Write back every entry exactly as it reads, with the pictures left behind.

::: RECORD EXCERPTS :::

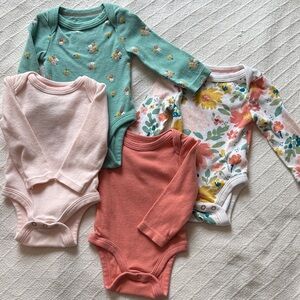 Cloud Island Floral and Solid Bodysuit Set - Pink, Teal, Coral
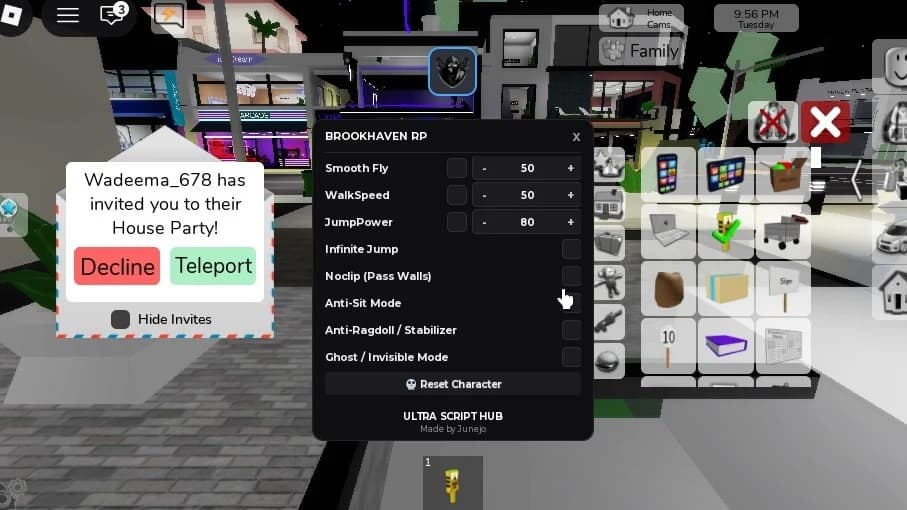 Ghost Invisible Mode, Noclip, Walk Through Walls, Fling Stab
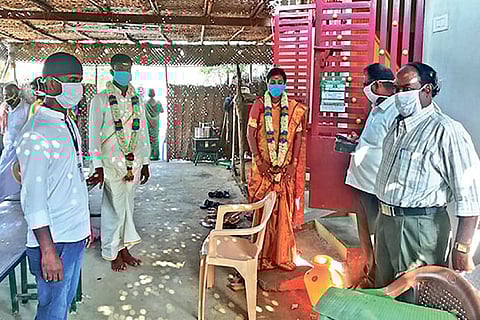 The couple after their wedding in Salem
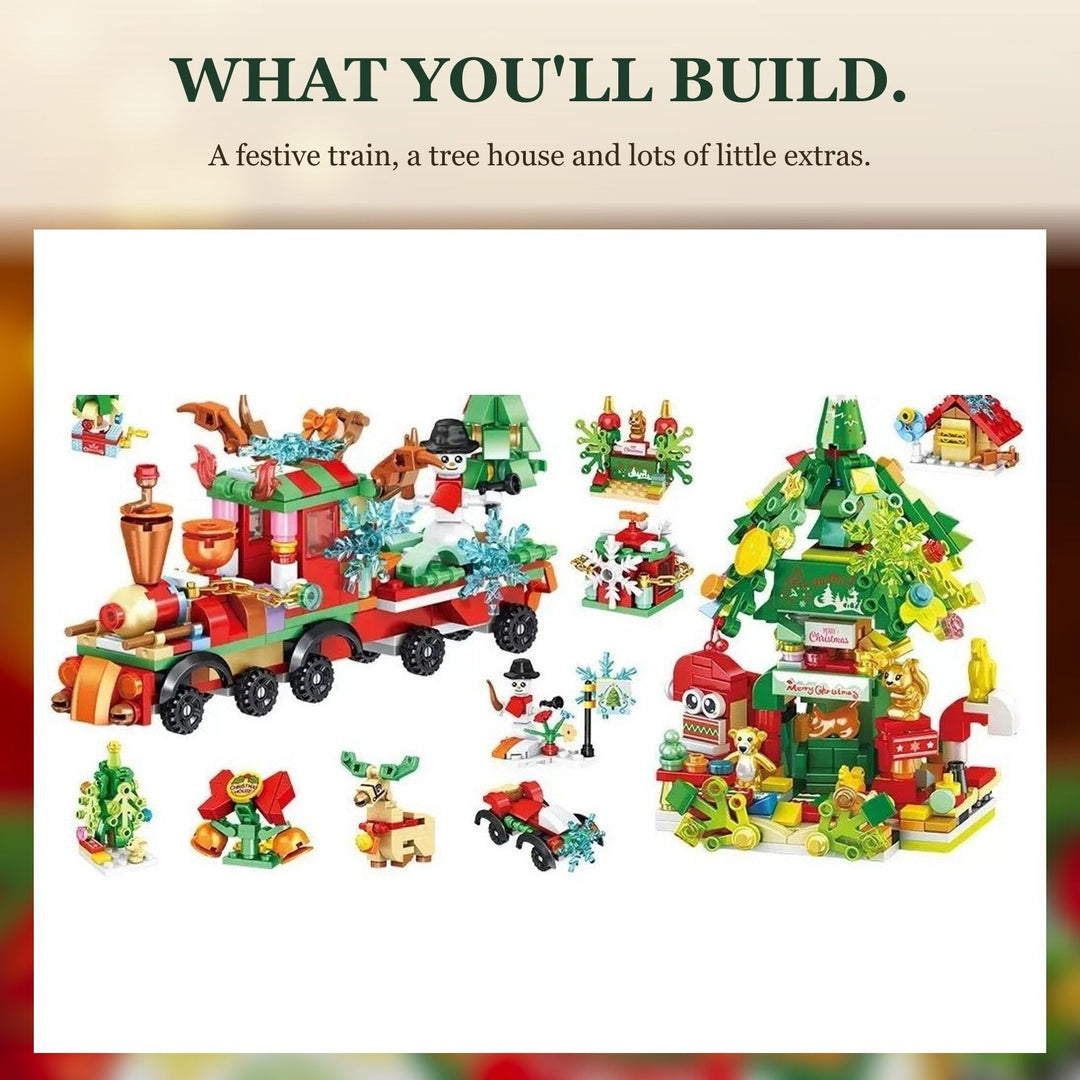 699-Piece Christmas Brick Advent Calendar with Red Train and Tree House
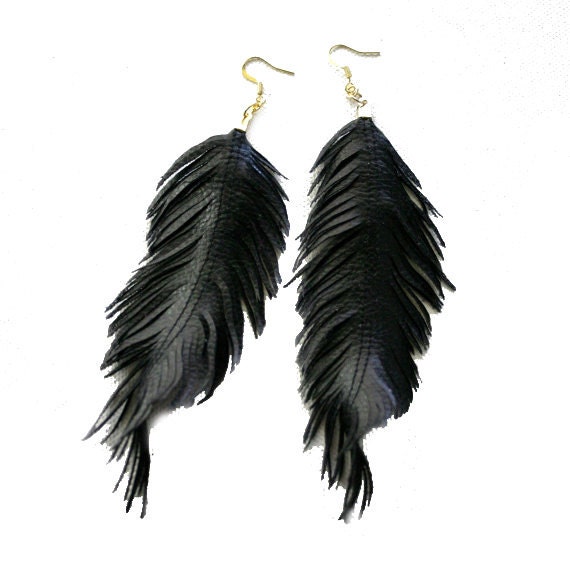 Black Swan - Faux Leather Feather Earrings - Surgical Steel Available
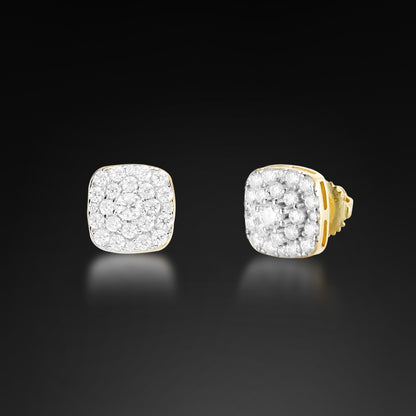 Moissanite Sqaure Cluster Stud Earring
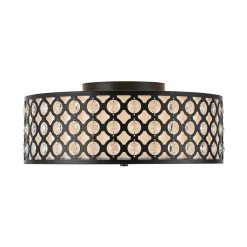 3-Light Round Drum Crystal Accented Fabric Flush Mount
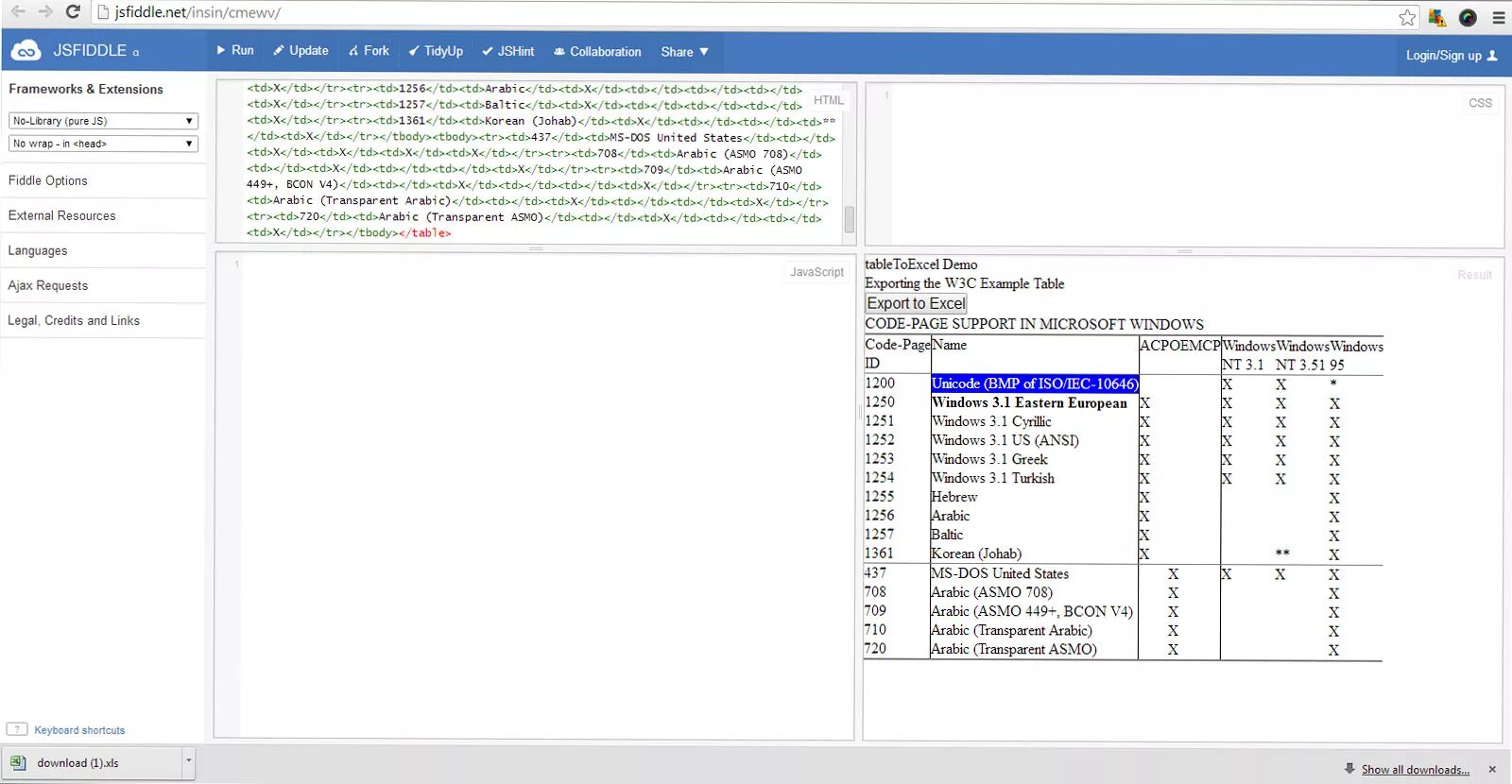 Table export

:::

* _SOLUTION FOR THIS PROBLEM_:
 Cloud Island Floral and Solid Bodysuit Set - Pink, Teal, Coral
 Ghost Invisible Mode, Noclip, Walk Through Walls, Fling Stab
 The couple after their wedding in Salem
 699-Piece Christmas Brick Advent Calendar with Red Train and Tree House
 Black Swan - Faux Leather Feather Earrings - Surgical Steel Available
 Moissanite Sqaure Cluster Stud Earring
 3-Light Round Drum Crystal Accented Fabric Flush Mount
 Table export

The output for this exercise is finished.